Data to examine:
'''

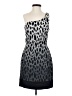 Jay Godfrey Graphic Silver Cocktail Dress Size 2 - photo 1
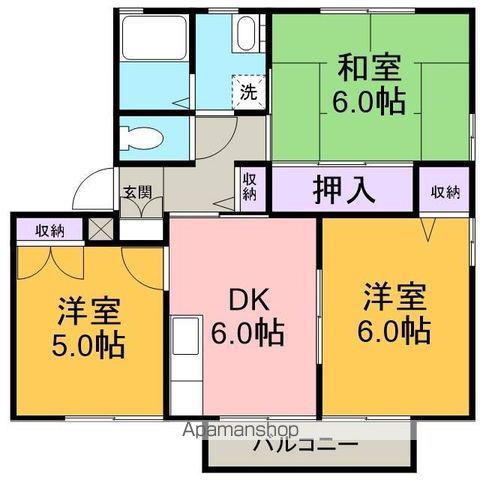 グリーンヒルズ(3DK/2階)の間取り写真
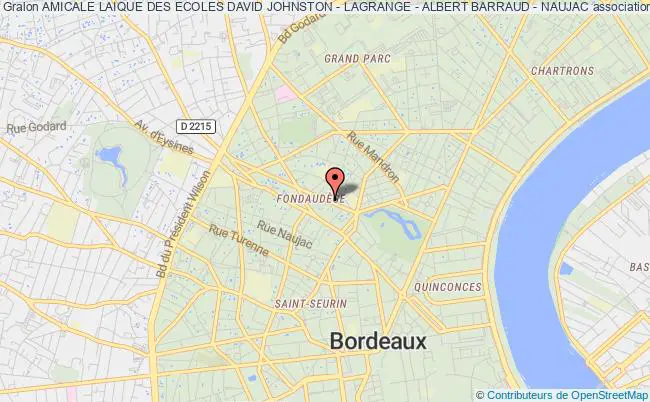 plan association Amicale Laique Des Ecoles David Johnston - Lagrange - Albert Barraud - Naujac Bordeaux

'''
'''

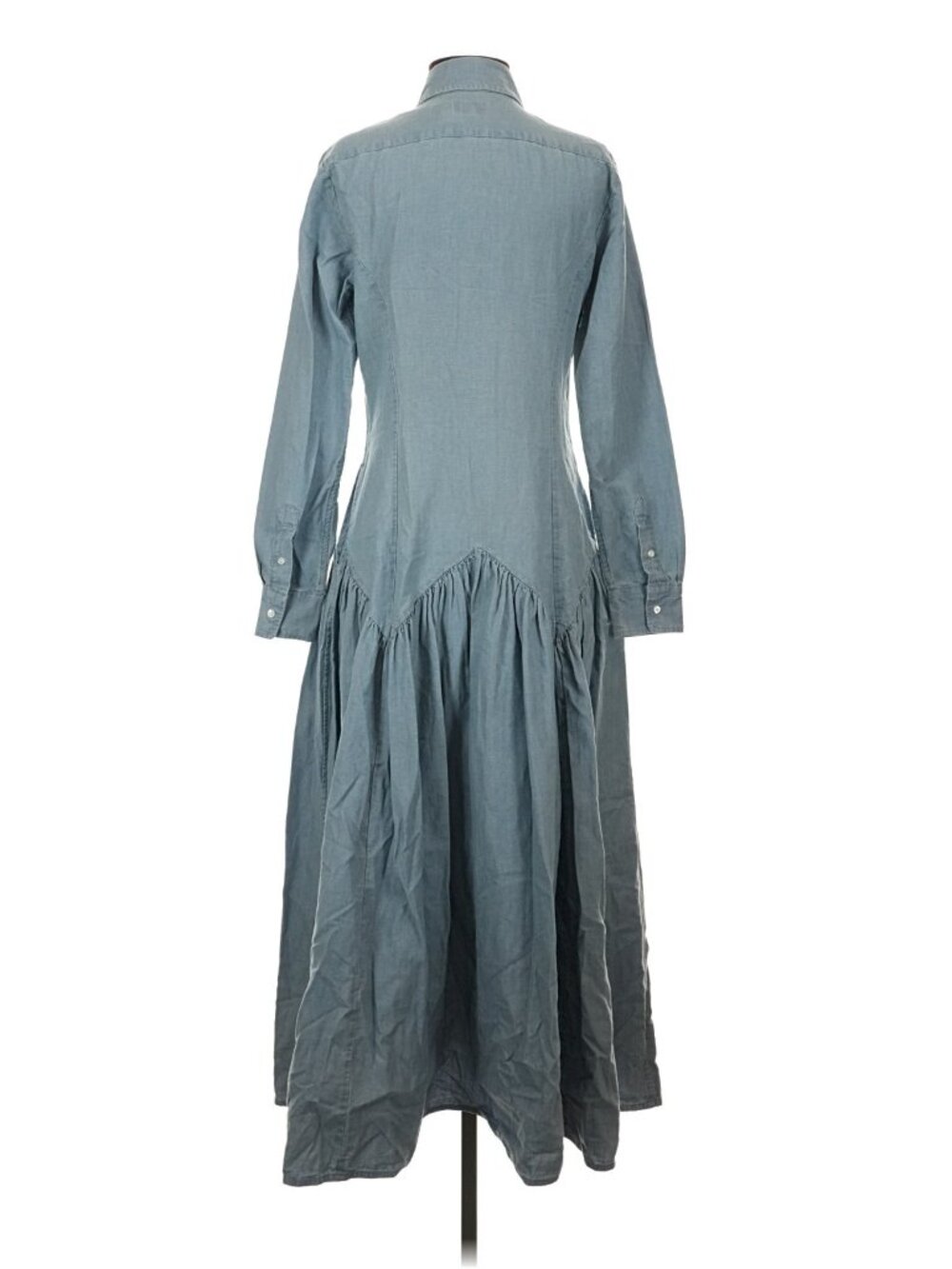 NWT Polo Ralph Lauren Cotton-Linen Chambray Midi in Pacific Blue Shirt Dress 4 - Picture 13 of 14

'''

Transcribe only this stretch of the data: the line with "グリーンヒルズ(3DK/2階)の間取り写真", the line with "plan association Amicale", and every line in between. Leave out the pictures.

Exercise result:
 グリーンヒルズ(3DK/2階)の間取り写真
 plan association Amicale Laique Des Ecoles David Johnston - Lagrange - Albert Barraud - Naujac Bordeaux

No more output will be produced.